Le défi est grand, donc, dès qu’on a mis ensemble ces termes : spirituel et théorisation. Quant à la transdisciplinarité, à cause justement de son préfixe et de ce qu’il signifie sur un plan épistémologique, on comprend qu’elle est pertinente – et peut-être est-ce la seule, au fond, à avoir la cohérence et la finesse nécessaires pour un discours sur le spirituel.

Mais voilà, à mettre ainsi en avant la difficulté du projet de notre colloque, je ne veux pas décourager ceux ou celles qui songeraient à une communication. D’ailleurs, n’ayant que des rudiments de philosophie, je ne suis pas mieux équipée que les autres pour me pencher sur ce sujet. Voici donc ce que je me propose comme point de départ.
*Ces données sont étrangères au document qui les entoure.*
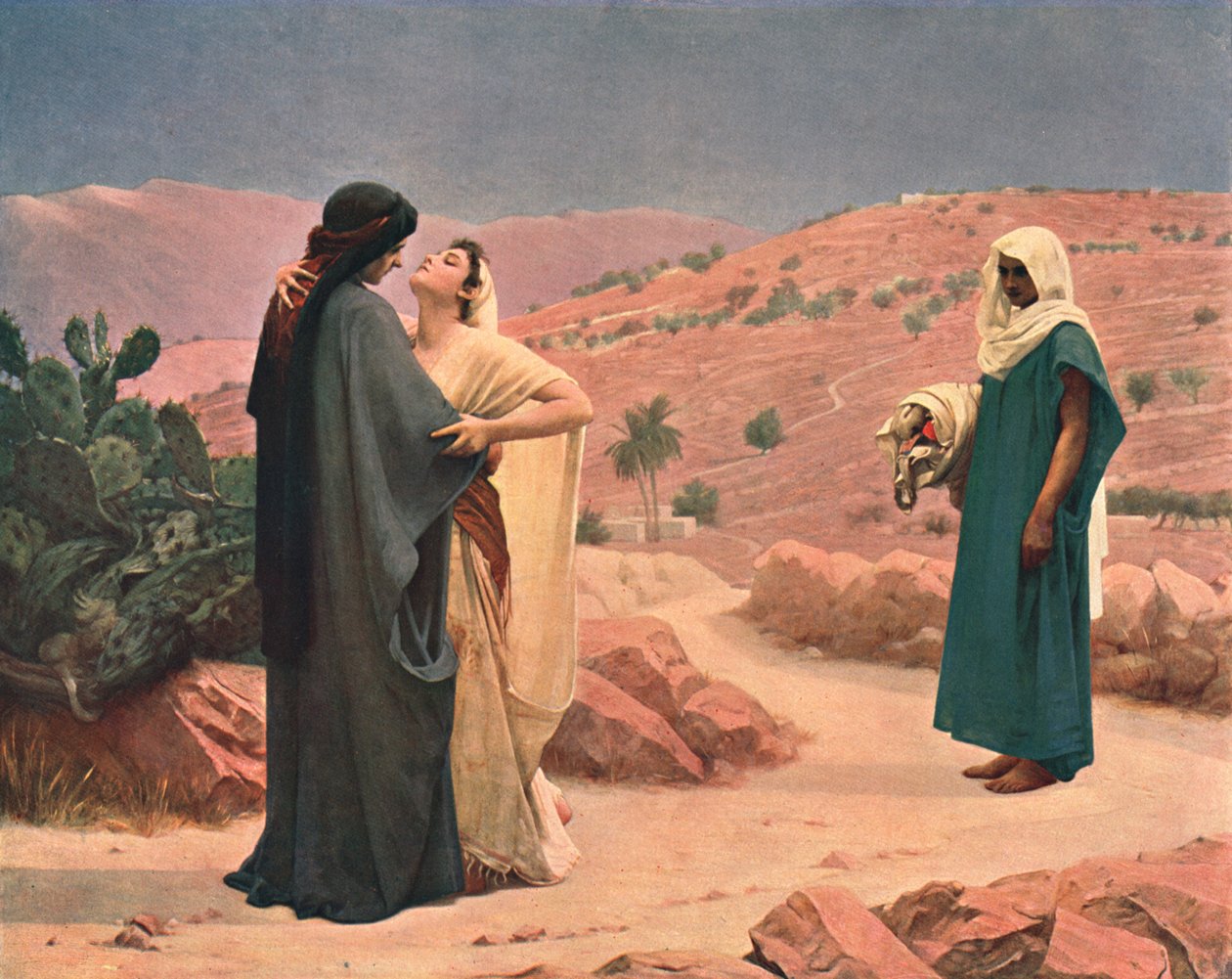 Ruth et Naomi, 1886, vers 1902 - Unbekannt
J’ai déjà dit que le spirituel est une expérience, un vécu. C’est important, car si l’on ne pose la question que de façon purement théorique (par exemple « existe-t-il une dimension transcendante? » ou « l’esprit est-il une entité en soi ou n’est-il qu’un épiphénomène de l’activité cérébrale? »), on arrive à une impossibilité bien connue, insoluble, de l’ordre de « la réalité de la réalité ». Pour contourner ce problème, je propose donc de regarder le spirituel de l’intérieur, comme l’expérience qu’il est. À la base, son plus petit dénominateur commun pourrait être défini comme une aspiration, un sentiment d’élévation, une impression que le matériel n’est pas tout – qu’il existe quelque chose de plus ou quelque chose d’autre, et le désir ou l’élan de vouloir rejoindre cette dimension. On peut dire que c’est une dimension transcendante, un « ailleurs » de l’ici… Aucune de ces formulations ne pourrait suffire comme définition du spirituel, mais je fais l’hypothèse que la somme totale de toutes ces formulations existantes ou imaginables approche une approximation de ce que c’est. Ces formulations en tant que telles n’épuisent rien, mais si vous cherchiez parmi elles (et l’infinité de celles qu’on pourrait aligner ainsi), il y a des chances que vous en désigniez une ou une autre en disant : « c’est ça! C’est celle-là! »… Ou alors ce sera celle de tel ou telle mystique, poète ou artiste… On peut dire : voilà, ce vidéo de Shirin Neshat ou celui-là de Bill Viola, c’est ça pour moi, le spirituel. Ou ce poème de Keats ou cette cantate de Bach. Ou encore, c’est un moment passé qui surgira de notre mémoire : « là, à ce moment, j’ai pensé que c’était le spirituel ». L’historienne de l’art ou l’anthropologue, de leur côté, chercheront sur le terrain des manifestations de ce genre.

Ce qui nous suggère une approche. « Travaillons donc à serrer l’expérience d’aussi près que nous pourrons », dit Bergson[1]. Ici, c’est la tradition phénoménologique qui est conviée pour répondre à cette question : comment ce sentiment intime du spirituel se manifeste-t-il, ici ou là-bas? La théorisation viendra ensuite : selon la forme (ou les formes) qu’il prend ici (à l’intérieur de moi ou chez ces artistes, ou cette architecture ou ce texte ou ces rituels), que puis-je, moi, en dire? L’important, ici, n’étant pas de trouver une formulation définitive ou exclusive, meilleure que les autres, mais de formuler quelque chose qui peut être compris par l’autre et qui suscitera sa réflexion et sa réponse.

Franchement, je ne vois pas ce que notre colloque pourrait faire d’autre – mais cela est déjà beaucoup. Collectivement, on n’a pas fini de faire cet exercice.

 

[1] Encyclopædia Universalis, Dictionnaire de la philosophie (Albin Michel, 2006), p. 1892.